▶ WHAT YOU ARE ASKED TO DO: Quote the entries below from the line with "Blueweenly 24 Pack" through the line with "Kit de 8 Peças", both ends included, and only those lines.

▶ SUPPLIED MATERIAL:

+ + + + +

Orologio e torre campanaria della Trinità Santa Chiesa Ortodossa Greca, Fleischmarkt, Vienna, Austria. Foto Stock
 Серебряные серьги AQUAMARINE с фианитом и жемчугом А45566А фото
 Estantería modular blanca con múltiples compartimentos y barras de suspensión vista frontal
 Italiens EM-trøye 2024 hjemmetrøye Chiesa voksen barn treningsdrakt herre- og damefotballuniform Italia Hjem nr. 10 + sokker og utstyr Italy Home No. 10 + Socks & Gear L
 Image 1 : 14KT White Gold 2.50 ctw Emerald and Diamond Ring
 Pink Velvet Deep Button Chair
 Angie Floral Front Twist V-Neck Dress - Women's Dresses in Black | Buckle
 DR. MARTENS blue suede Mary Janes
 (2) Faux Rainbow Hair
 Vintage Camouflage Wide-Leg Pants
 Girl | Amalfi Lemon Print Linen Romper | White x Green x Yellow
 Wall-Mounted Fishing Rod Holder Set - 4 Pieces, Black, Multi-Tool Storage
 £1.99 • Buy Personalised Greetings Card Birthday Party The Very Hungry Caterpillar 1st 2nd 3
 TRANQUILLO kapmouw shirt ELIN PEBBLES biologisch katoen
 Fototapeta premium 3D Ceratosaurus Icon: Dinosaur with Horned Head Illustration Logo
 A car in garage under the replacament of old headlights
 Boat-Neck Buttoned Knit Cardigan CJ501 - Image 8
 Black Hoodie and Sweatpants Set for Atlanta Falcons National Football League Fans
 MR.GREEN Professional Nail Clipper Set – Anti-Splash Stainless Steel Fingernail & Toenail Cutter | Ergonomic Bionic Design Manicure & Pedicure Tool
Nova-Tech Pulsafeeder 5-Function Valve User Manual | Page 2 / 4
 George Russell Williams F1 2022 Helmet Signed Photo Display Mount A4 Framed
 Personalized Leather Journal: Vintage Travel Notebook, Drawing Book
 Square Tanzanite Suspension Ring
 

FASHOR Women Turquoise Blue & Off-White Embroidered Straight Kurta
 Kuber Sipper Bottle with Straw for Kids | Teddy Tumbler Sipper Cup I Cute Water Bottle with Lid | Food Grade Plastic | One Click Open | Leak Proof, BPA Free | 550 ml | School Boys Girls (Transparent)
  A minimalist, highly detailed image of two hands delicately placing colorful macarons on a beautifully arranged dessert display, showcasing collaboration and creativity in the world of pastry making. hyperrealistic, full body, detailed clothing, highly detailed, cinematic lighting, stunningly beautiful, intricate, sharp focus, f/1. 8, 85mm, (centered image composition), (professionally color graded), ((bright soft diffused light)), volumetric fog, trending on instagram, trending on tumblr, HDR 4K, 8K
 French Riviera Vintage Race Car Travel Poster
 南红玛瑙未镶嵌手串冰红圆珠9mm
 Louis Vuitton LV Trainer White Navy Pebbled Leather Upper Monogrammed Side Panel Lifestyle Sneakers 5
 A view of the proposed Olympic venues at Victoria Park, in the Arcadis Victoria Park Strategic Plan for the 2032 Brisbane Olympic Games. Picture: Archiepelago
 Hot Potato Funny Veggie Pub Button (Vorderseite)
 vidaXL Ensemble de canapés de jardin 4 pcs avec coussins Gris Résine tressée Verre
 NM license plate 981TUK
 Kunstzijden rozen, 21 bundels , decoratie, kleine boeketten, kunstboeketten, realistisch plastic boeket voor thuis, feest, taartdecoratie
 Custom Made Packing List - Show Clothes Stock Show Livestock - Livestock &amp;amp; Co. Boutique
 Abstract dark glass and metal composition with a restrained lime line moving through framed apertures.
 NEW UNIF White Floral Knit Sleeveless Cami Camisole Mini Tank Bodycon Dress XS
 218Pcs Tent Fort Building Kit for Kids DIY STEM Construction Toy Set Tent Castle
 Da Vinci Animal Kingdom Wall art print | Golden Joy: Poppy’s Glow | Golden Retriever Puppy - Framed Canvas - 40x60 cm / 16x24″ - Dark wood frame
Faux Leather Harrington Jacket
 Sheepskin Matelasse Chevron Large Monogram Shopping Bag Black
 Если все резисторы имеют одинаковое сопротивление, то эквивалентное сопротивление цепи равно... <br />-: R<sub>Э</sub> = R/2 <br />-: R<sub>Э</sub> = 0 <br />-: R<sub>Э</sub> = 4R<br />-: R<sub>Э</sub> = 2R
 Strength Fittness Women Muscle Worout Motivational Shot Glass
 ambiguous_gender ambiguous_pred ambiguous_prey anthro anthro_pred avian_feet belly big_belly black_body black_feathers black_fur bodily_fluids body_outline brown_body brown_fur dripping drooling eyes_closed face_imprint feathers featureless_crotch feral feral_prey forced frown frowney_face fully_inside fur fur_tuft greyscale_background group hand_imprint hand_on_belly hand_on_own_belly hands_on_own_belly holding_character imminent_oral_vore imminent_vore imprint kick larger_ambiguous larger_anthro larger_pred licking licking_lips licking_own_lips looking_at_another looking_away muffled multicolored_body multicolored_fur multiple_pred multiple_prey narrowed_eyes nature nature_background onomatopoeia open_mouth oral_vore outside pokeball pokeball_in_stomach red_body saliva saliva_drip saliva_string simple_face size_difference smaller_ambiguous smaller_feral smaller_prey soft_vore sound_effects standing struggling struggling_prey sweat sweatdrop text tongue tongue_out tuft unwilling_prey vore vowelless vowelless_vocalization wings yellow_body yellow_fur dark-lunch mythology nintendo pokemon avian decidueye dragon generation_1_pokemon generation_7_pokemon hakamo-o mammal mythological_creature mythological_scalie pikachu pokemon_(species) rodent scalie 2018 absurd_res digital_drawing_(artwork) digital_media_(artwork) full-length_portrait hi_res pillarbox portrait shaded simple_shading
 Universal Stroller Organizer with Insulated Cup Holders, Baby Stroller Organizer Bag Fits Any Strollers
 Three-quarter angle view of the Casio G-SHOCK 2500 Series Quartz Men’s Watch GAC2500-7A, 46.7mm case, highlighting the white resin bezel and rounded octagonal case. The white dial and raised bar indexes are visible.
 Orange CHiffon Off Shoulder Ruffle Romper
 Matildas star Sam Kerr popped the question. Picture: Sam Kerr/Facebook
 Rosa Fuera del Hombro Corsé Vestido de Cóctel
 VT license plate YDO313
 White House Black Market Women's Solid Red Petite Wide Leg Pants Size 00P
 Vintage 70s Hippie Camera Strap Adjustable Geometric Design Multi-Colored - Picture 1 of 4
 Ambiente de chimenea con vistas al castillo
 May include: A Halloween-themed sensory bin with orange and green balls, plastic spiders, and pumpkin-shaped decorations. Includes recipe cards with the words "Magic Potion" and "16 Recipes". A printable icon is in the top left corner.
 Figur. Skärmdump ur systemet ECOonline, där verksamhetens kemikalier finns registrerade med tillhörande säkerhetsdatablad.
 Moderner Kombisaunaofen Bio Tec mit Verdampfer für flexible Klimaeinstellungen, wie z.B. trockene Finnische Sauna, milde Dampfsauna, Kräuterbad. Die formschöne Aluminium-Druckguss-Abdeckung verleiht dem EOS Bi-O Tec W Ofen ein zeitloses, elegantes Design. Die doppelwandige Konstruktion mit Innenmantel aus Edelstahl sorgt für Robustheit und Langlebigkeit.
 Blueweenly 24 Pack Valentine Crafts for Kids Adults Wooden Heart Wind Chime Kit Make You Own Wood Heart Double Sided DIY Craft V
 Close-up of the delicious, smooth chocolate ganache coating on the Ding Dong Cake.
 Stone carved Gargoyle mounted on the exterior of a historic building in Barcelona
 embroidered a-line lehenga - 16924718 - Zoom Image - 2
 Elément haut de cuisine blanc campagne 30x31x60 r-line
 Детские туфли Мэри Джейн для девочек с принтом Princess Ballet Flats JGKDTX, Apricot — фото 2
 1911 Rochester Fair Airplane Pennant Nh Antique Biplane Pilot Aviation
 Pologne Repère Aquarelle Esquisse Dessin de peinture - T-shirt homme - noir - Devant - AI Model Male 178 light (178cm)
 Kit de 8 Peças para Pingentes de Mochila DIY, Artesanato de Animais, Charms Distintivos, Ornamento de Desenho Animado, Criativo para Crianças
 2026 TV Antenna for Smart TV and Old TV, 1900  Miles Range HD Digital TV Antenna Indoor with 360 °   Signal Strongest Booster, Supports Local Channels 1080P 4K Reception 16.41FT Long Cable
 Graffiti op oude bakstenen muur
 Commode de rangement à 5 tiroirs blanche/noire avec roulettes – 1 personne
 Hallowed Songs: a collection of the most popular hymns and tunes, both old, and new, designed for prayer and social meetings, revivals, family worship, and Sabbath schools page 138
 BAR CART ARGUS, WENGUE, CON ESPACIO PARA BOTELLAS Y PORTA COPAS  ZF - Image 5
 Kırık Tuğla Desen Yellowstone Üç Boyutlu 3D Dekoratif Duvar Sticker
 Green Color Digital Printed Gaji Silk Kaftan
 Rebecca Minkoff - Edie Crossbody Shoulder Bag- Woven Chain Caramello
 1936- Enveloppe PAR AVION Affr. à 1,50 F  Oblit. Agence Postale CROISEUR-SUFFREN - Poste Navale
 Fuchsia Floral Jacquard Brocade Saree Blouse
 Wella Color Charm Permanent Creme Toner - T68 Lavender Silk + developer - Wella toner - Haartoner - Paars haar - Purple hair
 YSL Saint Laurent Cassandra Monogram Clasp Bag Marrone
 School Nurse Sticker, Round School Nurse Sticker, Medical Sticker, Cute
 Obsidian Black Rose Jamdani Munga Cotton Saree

+ + + + +

▶ YOUR RESPONSE:
 Blueweenly 24 Pack Valentine Crafts for Kids Adults Wooden Heart Wind Chime Kit Make You Own Wood Heart Double Sided DIY Craft V
 Close-up of the delicious, smooth chocolate ganache coating on the Ding Dong Cake.
 Stone carved Gargoyle mounted on the exterior of a historic building in Barcelona
 embroidered a-line lehenga - 16924718 - Zoom Image - 2
 Elément haut de cuisine blanc campagne 30x31x60 r-line
 Детские туфли Мэри Джейн для девочек с принтом Princess Ballet Flats JGKDTX, Apricot — фото 2
 1911 Rochester Fair Airplane Pennant Nh Antique Biplane Pilot Aviation
 Pologne Repère Aquarelle Esquisse Dessin de peinture - T-shirt homme - noir - Devant - AI Model Male 178 light (178cm)
 Kit de 8 Peças para Pingentes de Mochila DIY, Artesanato de Animais, Charms Distintivos, Ornamento de Desenho Animado, Criativo para Crianças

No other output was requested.